Medication for mental health conditions: effectiveness and side effects
Most of the people we spoke to had taken a range of different medications to try to address their mental health problems over the years....
Most of the people we spoke to had been on a number of different medications throughout their lives. You can read more about the effectiveness of different types of medication and their side effects here: ‘Medication for mental health conditions: effectiveness and side effects‘. This summary is about the process of changing from one medication to another and about moving from medication to ECT.
Changing medication could sometimes be a difficult process and it often took time to find a drug that worked. It can take some weeks for the side effects of a medication, for a particular individual, to be known. While patients may not like certain side effects, doctors try to balance the side effects of a medication with its effectiveness (how well it works to reduce the symptoms). Some doctors try to include patient views in decisions about medication. Some people we spoke to said they themselves had had to weigh up the side effects of medication with the benefits that they might bring.
Some found that changing medication improved their wellbeing. For others, changing medication could have a negative impact because the new drug didn’t work, or because it took too long to work. Some experienced side effects from stopping taking a drug.
When Sunil had his medication changed from carbamazepine to disodium valproate and then to olanzapine and lamotrigine over a few years to combat side effects, he linked the changes to a relapse of his illness. Tristan’s wife had her antidepressant medication changed just before she gave birth and he thinks that left her vulnerable for the time it took the new medication to take effect. She suffered severe postnatal depression and eventually was given another drug that ‘suited her much better’ and ‘got her better properly in the long term’.

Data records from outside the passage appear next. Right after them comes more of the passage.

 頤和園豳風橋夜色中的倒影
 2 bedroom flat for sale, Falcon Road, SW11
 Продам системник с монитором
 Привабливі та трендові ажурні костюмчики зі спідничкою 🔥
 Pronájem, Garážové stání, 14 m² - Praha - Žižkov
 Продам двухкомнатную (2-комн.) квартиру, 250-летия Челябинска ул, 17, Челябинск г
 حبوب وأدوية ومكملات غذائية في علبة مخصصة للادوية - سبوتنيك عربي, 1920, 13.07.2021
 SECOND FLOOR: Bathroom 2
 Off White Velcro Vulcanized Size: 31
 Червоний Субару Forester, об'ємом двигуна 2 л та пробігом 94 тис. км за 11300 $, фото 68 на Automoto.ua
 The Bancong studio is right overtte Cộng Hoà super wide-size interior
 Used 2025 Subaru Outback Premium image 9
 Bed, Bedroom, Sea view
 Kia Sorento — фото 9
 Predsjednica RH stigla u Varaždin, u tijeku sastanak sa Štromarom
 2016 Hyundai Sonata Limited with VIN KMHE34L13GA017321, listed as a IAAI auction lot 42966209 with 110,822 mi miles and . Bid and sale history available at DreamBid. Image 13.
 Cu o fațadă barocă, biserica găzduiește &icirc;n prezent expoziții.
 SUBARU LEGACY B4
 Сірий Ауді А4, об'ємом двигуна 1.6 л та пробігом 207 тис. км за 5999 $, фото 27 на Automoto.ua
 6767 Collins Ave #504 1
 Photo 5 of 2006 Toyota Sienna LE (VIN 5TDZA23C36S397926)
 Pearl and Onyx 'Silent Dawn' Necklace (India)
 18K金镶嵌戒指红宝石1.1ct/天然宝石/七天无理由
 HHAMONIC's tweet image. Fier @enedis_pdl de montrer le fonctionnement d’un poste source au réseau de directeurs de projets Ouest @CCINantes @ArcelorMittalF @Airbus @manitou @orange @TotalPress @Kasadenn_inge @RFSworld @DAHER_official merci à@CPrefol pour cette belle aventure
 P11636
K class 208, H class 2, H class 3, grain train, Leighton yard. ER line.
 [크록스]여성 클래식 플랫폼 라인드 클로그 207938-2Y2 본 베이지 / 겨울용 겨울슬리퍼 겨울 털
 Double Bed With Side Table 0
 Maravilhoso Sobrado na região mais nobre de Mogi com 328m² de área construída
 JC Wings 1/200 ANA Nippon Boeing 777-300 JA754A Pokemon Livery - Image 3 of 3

Medications were usually given before ECT was offered, and ECT was only suggested when medications had not worked. People had different opinions about moving from medications to having ECT. Some people felt ECT had worked well for them and wanted ECT to be offered to them sooner. Others thought medications were a better solution in the long term.
Catherine Z had found ECT very effective for her and when her son was diagnosed with mental illness and medications weren’t working, she wanted him to have ECT from very early on. She felt it was ‘slightly barbaric’ giving her son high doses of drugs that were having no effect, when ECT could have been given much earlier. However, when David Y’s wife was offered ECT she had only been given very low doses of medication (Depixol), because she was pregnant. They gave ECT saying it was a ‘last resort’, but he felt more therapies and treatments should have been tried first. Tristan felt that medications were, in the long term, a more ‘humane’ and effective treatment for his wife, although in the short-term, ECT had improved his wife’s severe depression.
Occasionally when people were taking medications at the time of the ECT, there were concerns some medication could get in the way of its effectiveness. Sheila mentioned that her husband had 5 ECT treatments before they discovered that he was not having proper seizures because of medication he was on to stop the threat of a stroke. The one time that ECT didn’t work for Tania she thinks it was because they were giving her a minor tranquillizer, a benzodiazepine (clonazepam), at the time.